Tuesday Barnes

Participant: PROMISE AGEP Research Symposium

barnes

Tuesday Barnes

Department: Sociology

Institution: University of Maryland College Park (UMD)

 

ABSTRACT

The Racialization of Love

Love is, has been, and will always be political. As individuals with multiple politics that collide in our respective bodies, we carry our intersections into the courtship process. Who we love is as important as how we come to define love and how we come to learn the politics of desirability. Contrary to popular film and TV depictions of finding romantic love as being an act of destiny, sociologists have found that romantic love is a far more complex and nuanced process. Scholars have conceptualized romantic love as social sentiments with cultural meanings that then serve as guidelines for feeling norms (Gordon 1981; Hochschild 1983b).

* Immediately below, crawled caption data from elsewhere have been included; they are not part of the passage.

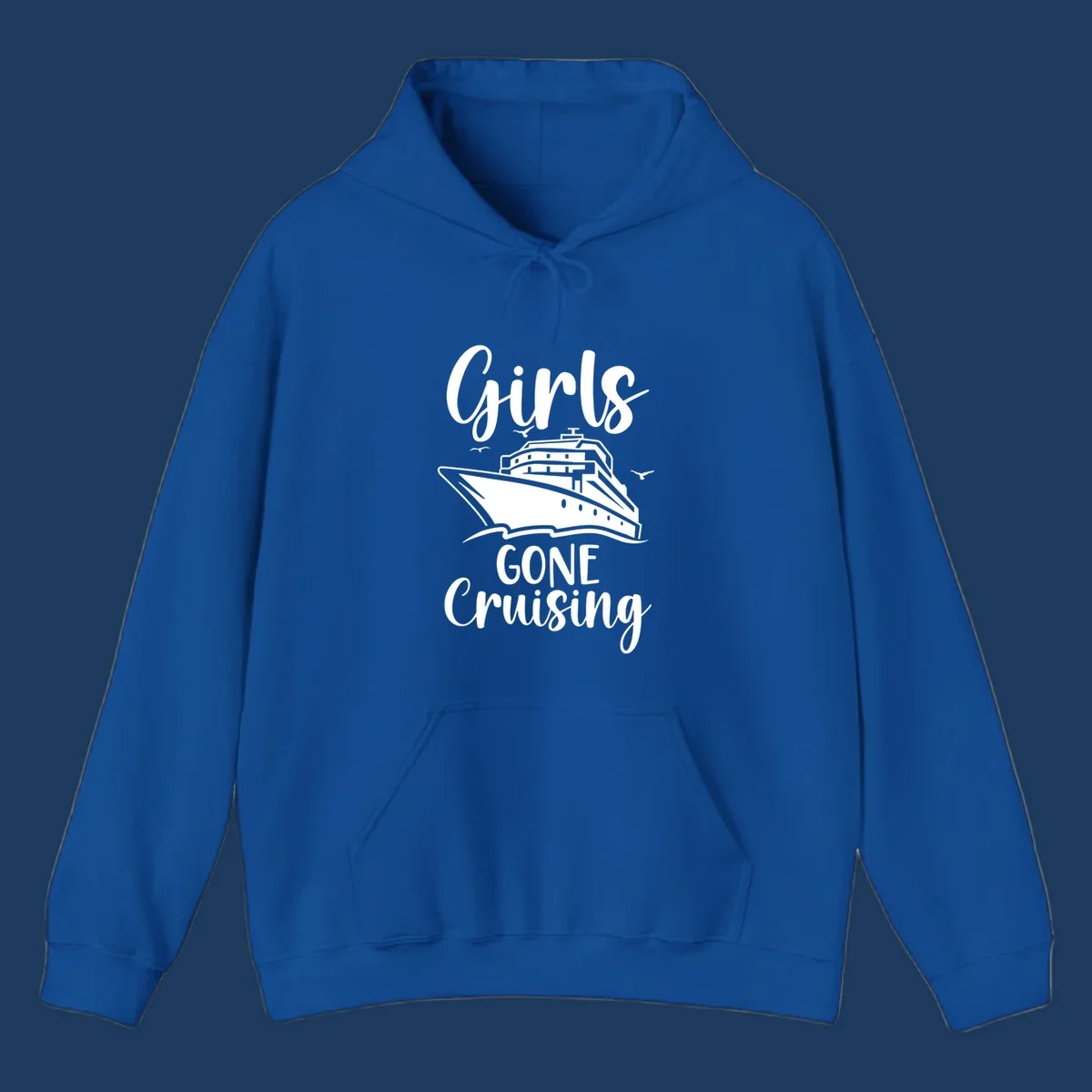 Girls Gone Cruising vintage nautical design with cruise ship and seagulls illustration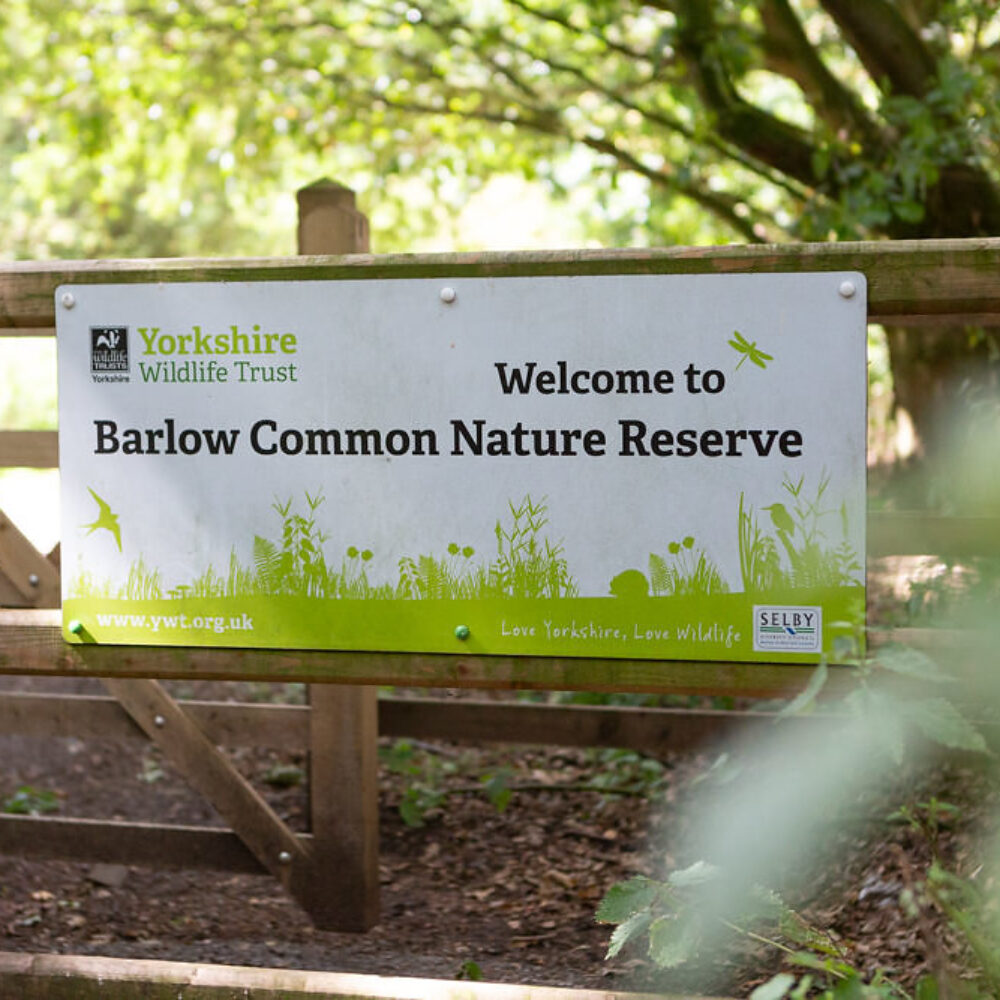 Sign on gate for Barlow Common Nature Reserve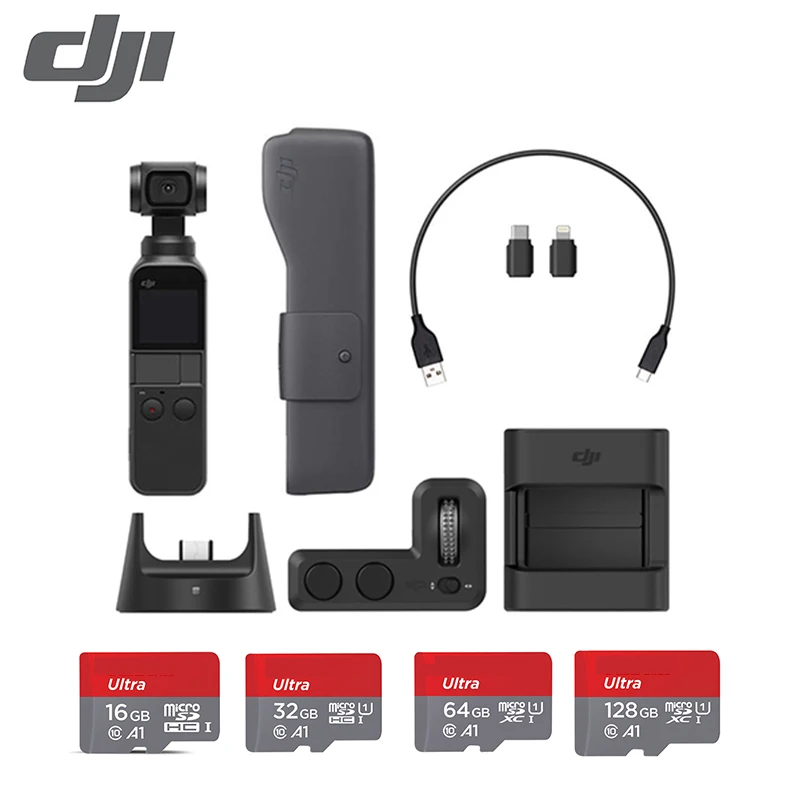 

DJI Osmo Pocket 3-axis Stabilized Handheld Camera with Smartphone 4K 60fps Video option Expansion Kit/Micro SD Card In Stock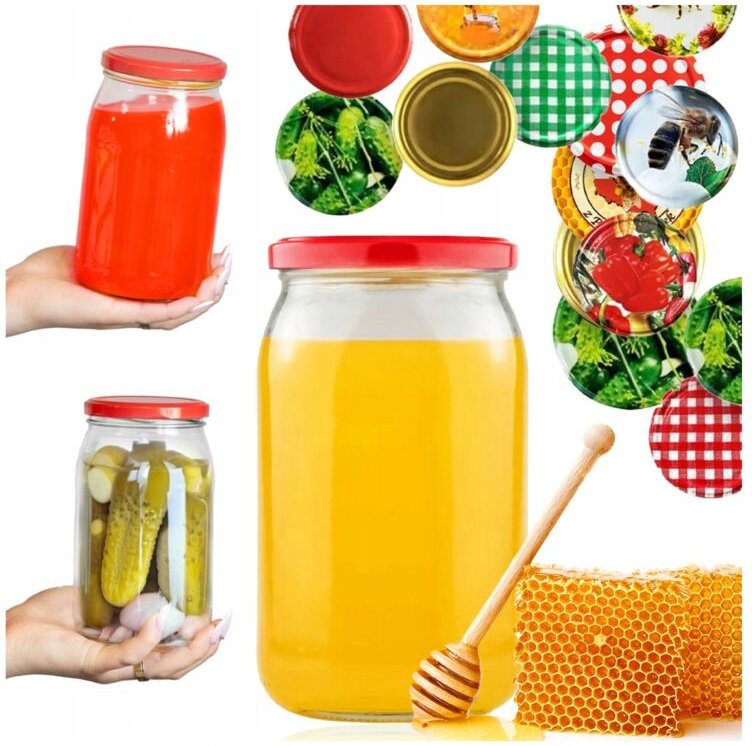 8er-Set Gläser à 900 ml mit Schraubverschluss (fi82) für Honig, Marmelade und Konfitüre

These feeling norms enable individuals to navigate appropriate feeling displays. Cancian (1985) found that these feeling displays are consistent with gender stereotypes and that subsequently, expressions of love are negatively impacted by these gender stereotypes. Building on this scholarship, The Racialization of Love examines two fundamental question around who we choose to love and how displays of love are racialized. Using an intersectional framework for assessing identity, this study emphasizes the centrality of race, class and gender as interlocking systems that impact individual’s conceptions and choices in love.

 

BIOGRAPHICAL SKETCH

Tuesday Barnes is a third year PhD student in the department of sociology at the University of Maryland, College Park (UMDCP). Tuesday is originally from Baltimore, MD and completed her undergraduate degree in Sociology at UMDCP. After completing her bachelor’s in sociology she went was admitted into the PhD program and was the recipient of the McNair Fellowship. Tuesday’s work explores the social psychological effects of tokenism on African American girls that attend private, elite high schools. As a black critical feminist that uses an intersectional approach, Tuesday’s work speaks to the importance of assessing race, gender, and class as interlocking matrices of systematic oppression for people of color in professional and academic spaces. Tuesday’s master thesis entitled The Cost of a Token: An Analysis of African American Girls in a Private High School explores the social psychological costs that African American girls that attended a private, elite high school incurred and why these costs are important for schools, parents, and students.  Her most recent work in progress is entitled The Racialization of Love that expands on Cancian’s seminal work The Feminization of Love. In this paper, Tuesday argues that blacks are often perceived as less loving in their behavior than whites because black’s behavior is measured with a white-centered ruler that deems black’s performance of love as less loving than white’s performance of love.

 

GENERAL SUMMARY OF GRADUATE RESEARCH

Tuesday’s work explores the social psychological effects of tokenism on African American girls that attend private, elite high schools. As a black critical feminist that uses an intersectional approach, Tuesday’s work speaks to the importance of assessing race, gender, and class as interlocking matrices of systematic oppression for people of color in professional and academic spaces. Tuesday’s master thesis entitled The Cost of a Token: An Analysis of African American Girls in a Private High School explores the social psychological costs that African American girls that attended a private, elite high school incurred and why these costs are important for schools, parents, and students.  Her most recent work in progress is entitled The Racialization of Love that expands on Cancian’s seminal work The Feminization of Love. In this paper, Tuesday argues that blacks are often perceived as less loving in their behavior than whites because black’s behavior is measured with a white-centered ruler that deems black’s performance of love as less loving than white’s performance of love. Above all, Tuesday’s work challenges us to reimagine a world that is more livable and just for all.